L.A. County Sheriff Lee Baca tearfully announced Tuesday that he would retire at the end of January, an unexpected announcement that comes amid a flurry of allegations of abuse and misconduct within the department. 

During the news conference in Monterey Park, an emotional Baca, 71, said he would leave his position on his own terms. 

"The reasons for doing so are so many. Some are most personal and private, but the prevailing one is the negative perception this upcoming campaign has brought to the exemplary service provided by the men and women of the Sheriff's Department," Baca said.

READ MORE: Sheriff Lee Baca's Response To Jail Violence 'Has Been Insufficient,' Commission Asserts

Sources familiar to the situation told The L.A. Times that Baca informed top county officials late Monday of his intent because he believed his resignation would help the department recover after years of criticism.

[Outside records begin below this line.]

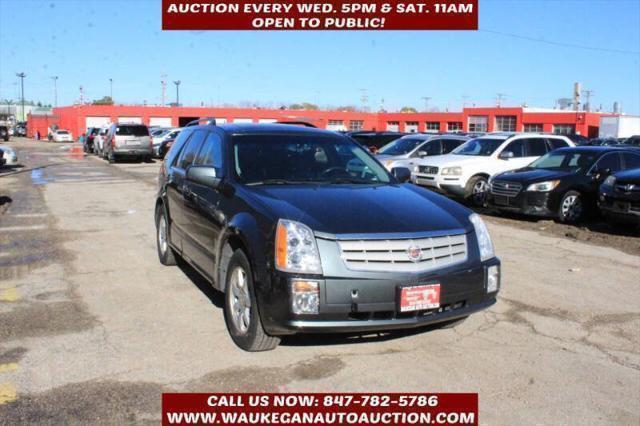 used 2008 Cadillac SRX car, priced at $3,400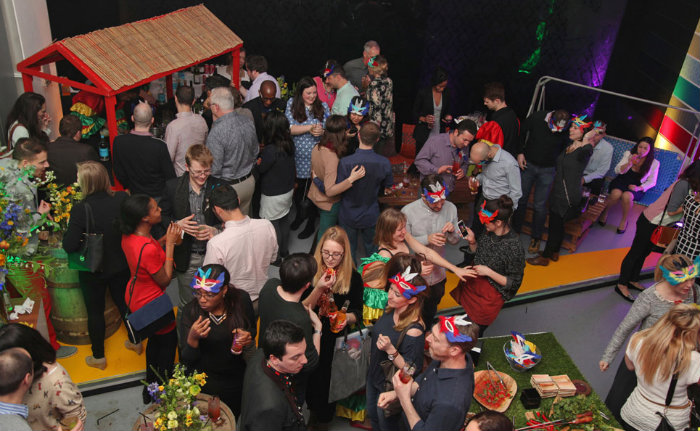 Clerkenwell Design week: the creative capital of the world!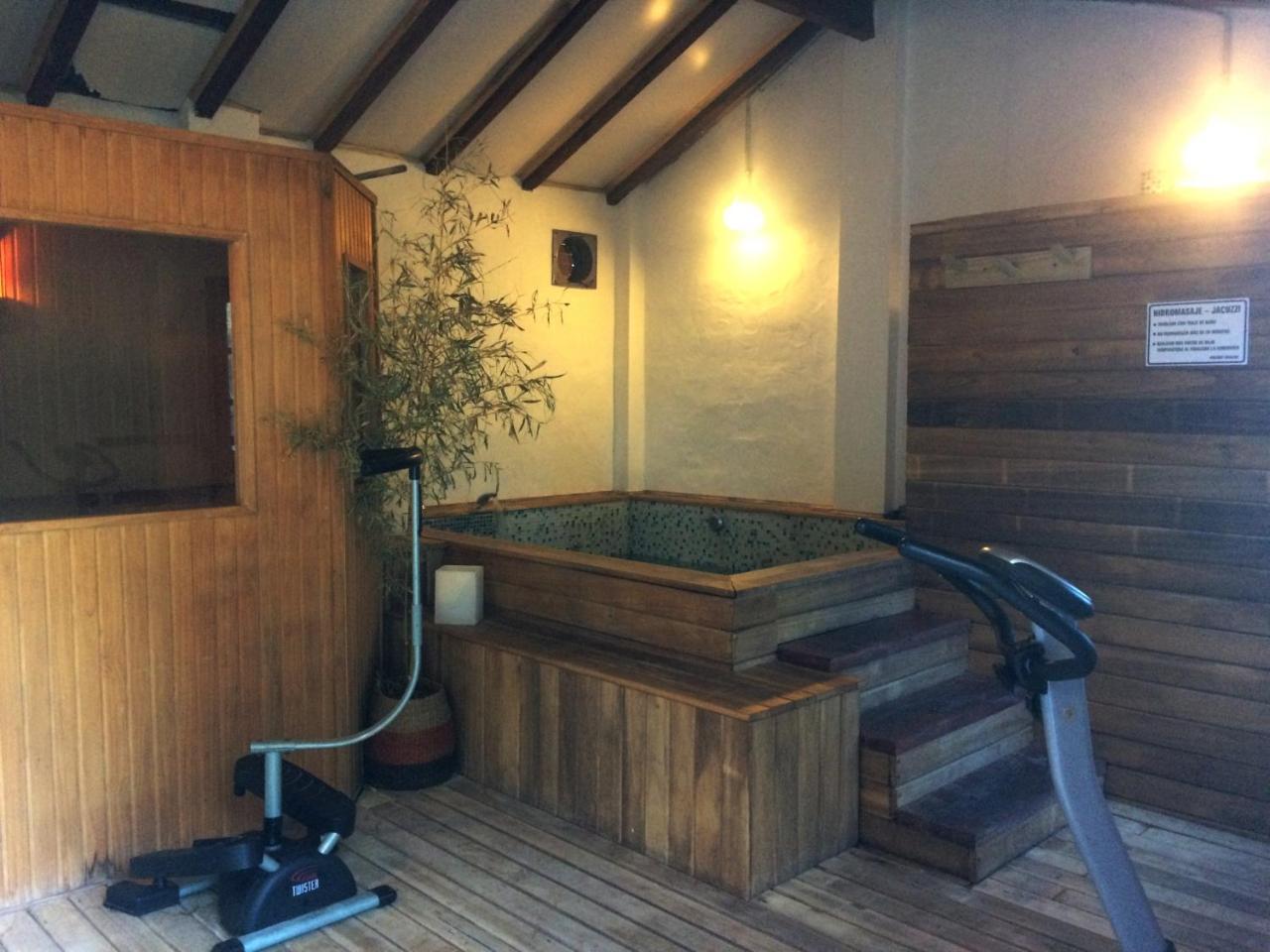 Hotel Bella Vista Villa Gesell Esterno foto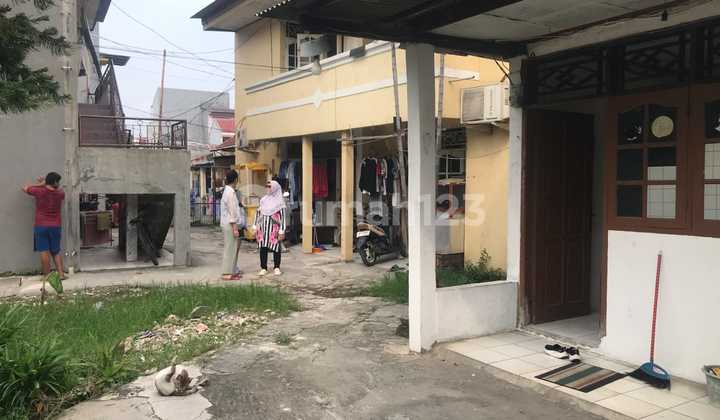 10KL - Rumah Kontrakan di Perumahan Poris Indah 2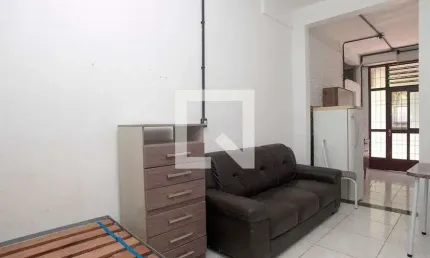 Kitnet / Stúdio para Venda - São Geraldo, 1 Quarto,  156 m² - Porto Alegre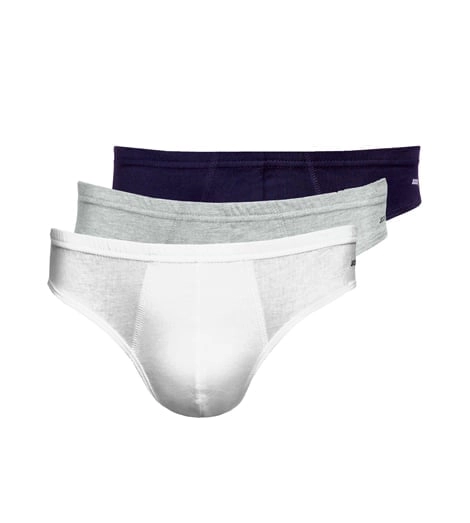 PACK 3 CALZONCILLO ALGODÓN HOMBRE JOCKEY C30106 - 1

Last month, the FBI arrested 18 current and former sheriff's deputies on acts of misconduct, including "beating visitors, putting handcuffs on an Austrian consular official without justification, threatening an FBI agent at her home and hiding an FBI informant," reported The Press Telegram.

Baca served 15 years at the helm of the largest sheriff's department in the country, during which he faced little threat to his leadership.

But Baca's fifth election campaign would have proven to be more difficult given the FBI probes and other scandals, including jail violence and reports that the department hired dozens of officers with histories of misconduct.

SEE ALSO: L.A. Sheriff's Deputy Hopes Leniency Helps Change Police Image

Baca leaves behind two contenders for his job in June's election: his former top aide, Paul Tanaka, and retired Cmdr. Bob Olmsted.